Tom says, “I do.” Loudly in his deep, rich voice. Jensen likes Tom’s voice. It was a beacon when the world had dimmed. When every man he’d loved had told him he wasn’t good enough. Except what Tom just promised he doesn’t mean. And all Jensen hears is a lie. Another man who can’t love him.
The judge continues and Jensen knows the words are being addressed to him. The sounds are like random musical notes now, they undulate higher and lower. They have feeling but no meaning.
Jensen stands in the black of the tunnel and he can’t see either end now. He’s surrounded on all sides. Buried alive.
“I … what?“ he breathes out.
The judge laughs. It’s slightly broken and anxious. “Happens, son. No worries. I’ll just repeat it, okay?”
Except Jensen doesn’t really need it repeated. He knows the question and he knows the answer. He only has to be brave enough now to get the word out.
Jensen meets Tom’s eyes in a final search. Steel blue stares back. Confident, sure, proud. Jensen thinks I’m sorry to Tom. He might even mouth it. Even though it’s practically meaningless because what he’s about to do is unforgiveable. He turns and faces the judge directly.
The judge takes Jensen’s gaze as a signal to begin anew and his speech speeds up. “Jensen, do you take Tom to be your husband, to have and to hold from this day forward, for better or for worse, for richer, for poorer, in sickness and in health, to love and to cherish; from this day forward until death do you part?”
“I … “ Jensen looks at Tom once more. He’s staring back puzzled, a little annoyed, trying to rein it in. It’s quintessential Tom. Jensen will always love Tom. But he’s not in love with him. He’ll never be in love with him. They fought for this. For so much more than a legal document. Dad, maybe I’ll never make you proud. But I can at least respect myself as much as I wish you could. “I’m sorry,” he says voice clear, and Tom’s eyes widen. “I can’t.” His voice strengthens even further. “I won’t.”
The crowd murmurs in a wild ripple. Cameras flash madly from behind the cordoned off press section. Tom’s eyes darken in fury. “Jensen.”
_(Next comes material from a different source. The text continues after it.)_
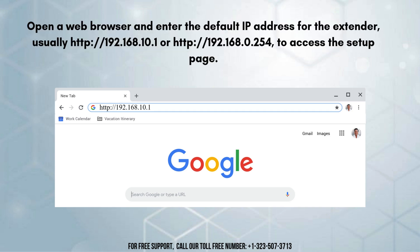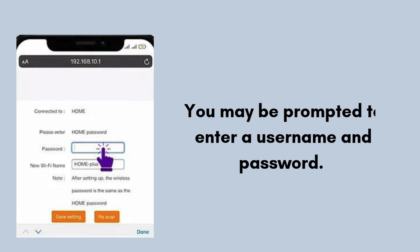Open a web browser and enter the default IP address for the extender — usually 192.168.10.1 or 192.168.0.254 — to access the setup page. You may be prompted to enter a username and password. The default credentials are often admin for both the username and password. Refer to the quick start guide for the exact login details.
“I’m sorry, Tom. I can’t marry you. I shouldn’t have said yes. What we fought for. That was real. How we were using it … it wasn’t. Same sex couples have the right to marry in this state now. And that’s so much more than legal rights, no matter how important those are. If it were only about the legal rights then we didn’t need to fight for marriage.” He laughs and it’s bitter. “Hell. Truth is I didn’t believe in marriage. And neither of us had a clue as to what love is. Except now I … “
He’s met with wrath. “You fucking can’t—“
“Wait.” A hand cups his shoulder and Josh’s eyes lock with Jensen’s. His big brother takes a step closer and Jensen worries he’ll see disappointment. Again. Josh puts a hand out to stop Tom. “Give us a minute.” He leans into Jensen, turning him away from everyone, away from his furious fiancé.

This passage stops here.